1st century B.C., the vault being over 800 ft. long, 10 ft. in span, with three concentric rings of voussoirs.

So far, all the vaults mentioned have been barrel vaults, which, when not built underground, required continuous walls of great thickness to resist their thrust; the earliest example of the next variety, the intersecting barrel vault, is said to be over a small hall at Pergamum,in Asia Minor, but its first employment over halls of great dimensions is due to the Romans. When two semicircular barrel vaults of the same diameter cross one another (fig. 2) their intersection (a true ellipse) is known as a groin, down which the thrust of the vault is carried to the cross walls; if a series of two or more barrel vaults intersect one another, the weight is carried on to the piers at their intersection and the thrust is trans- mitted to the outer cross walls; thus in the Roman reservoir at Baiae, known as the piscina mirabilis, a series of five aisles with semicircular barrel vaults are intersected by twelve cross aisles, the vaults being carried on 48 piers and thick external walls. The width of these aisles being only about 13 ft. there was no great difficulty in the construction of these vaults, but in the Roman Thermae the tepidarium had a span of 80 ft., more than twice that of an English cathedral, so that its construction both from the statical and economical point of view was of the greatest importance. The researches of M. Choisy (L’Art de bâtir chez les Romains), based on a minute examination of those portions of the vaults which still remain in situ, have shown that on a

comparatively slight centring, consisting of trusses placed about 10 ft. apart and covered with planks laid from truss to truss, were laid—to begin with—two layers of the Roman brick (measuring nearly 2 ft. square and 2 in. thick); on these and on the trusses transverse rings of brick were built with longitudinal ties at intervals; on the brick layers and embedding the rings and cross ties concrete was thrown in horizontal layers, the haunches being filled in solid, and the surface sloped on either side and covered over with a tile roof of low pitch laid direct on the concrete. The rings relieved the centring from the weight imposed; and the two layers of bricks carried the concrete till it had set. As the walls carrying these vaults were also built in concrete with occasional bond courses of brick, the whole structure was homogeneous. One of the important ingredients of the mortar was a volcanic deposit found near Rome, known as pozzolana, which, when the concrete had set, not only made the concrete as solid as the rock itself, but to a certain extent neutralized the thrust of the vaults, which formed shells equivalent to that of a metal lid, the Romans, however, do not seem to have recognized the extra-ordinary value of this pozzolana mixture, for they otherwise provided amply for the counteracting of any thrust which might exist by the erection of cross walls and buttresses.

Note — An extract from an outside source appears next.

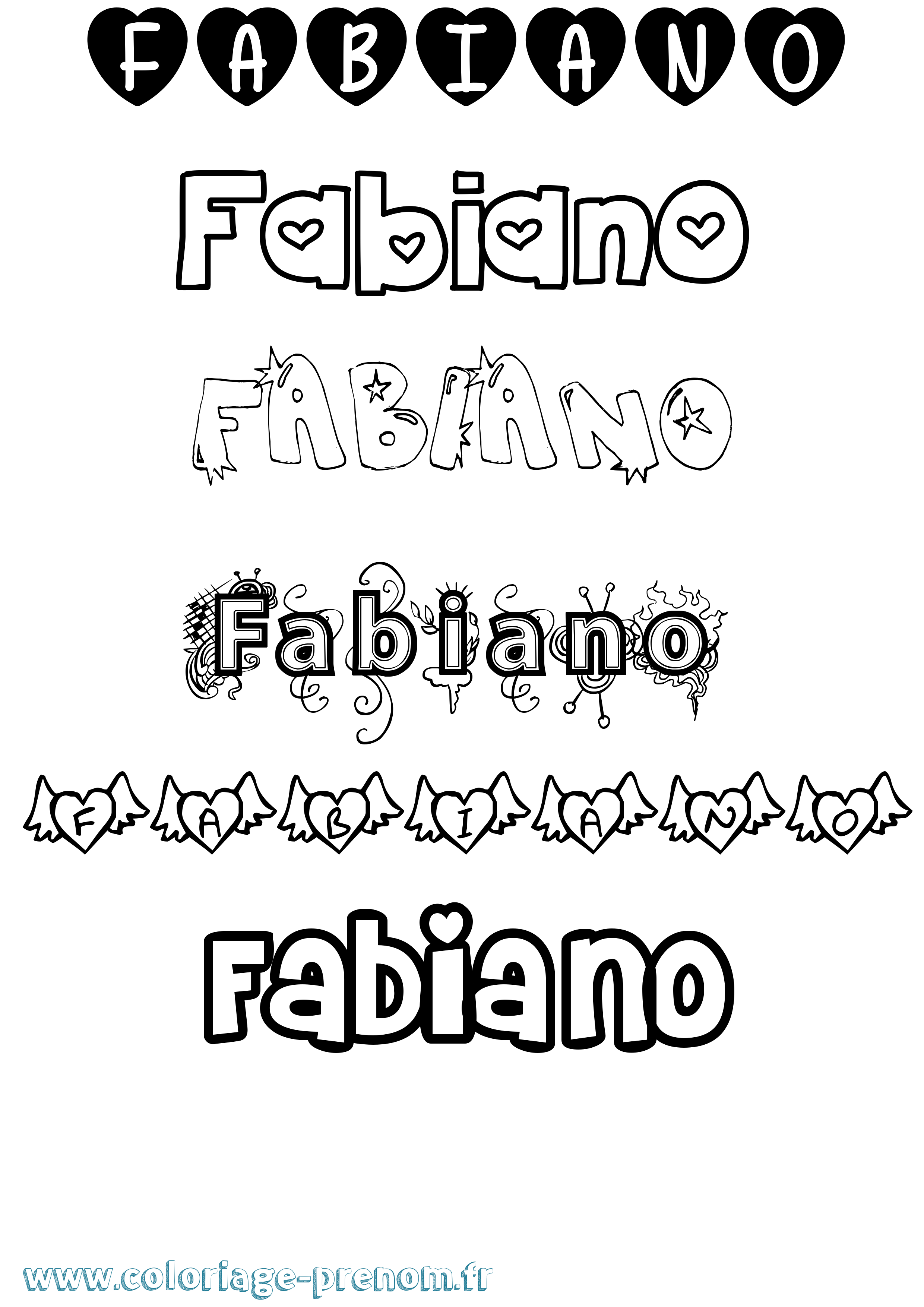 Coloriage Fabiano Girly Coloriage prénom Fabiano Girly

In the tepidaria of the Thermae and in the basilica of Constantine* in order to bring the thrust well within the walls, the main barrel vault of the hall was brought forward on each side and rested on detached columns, which constituted the principal architectural decoration. In cases where the cross vaults intersecting were not of the same span as those of the main vault, the arches were either stilted so that their soffits might be of the same height, or they formed smaller intersections in the lower part of the vault; in both of these cases, however, the intersections or groins were twisted, for which it was very difficult to form a centring, and, moreover, they were of disagreeable effect : though every attempt was made to mask this in the decoration of the vault by panels and reliefs modelled in stucco.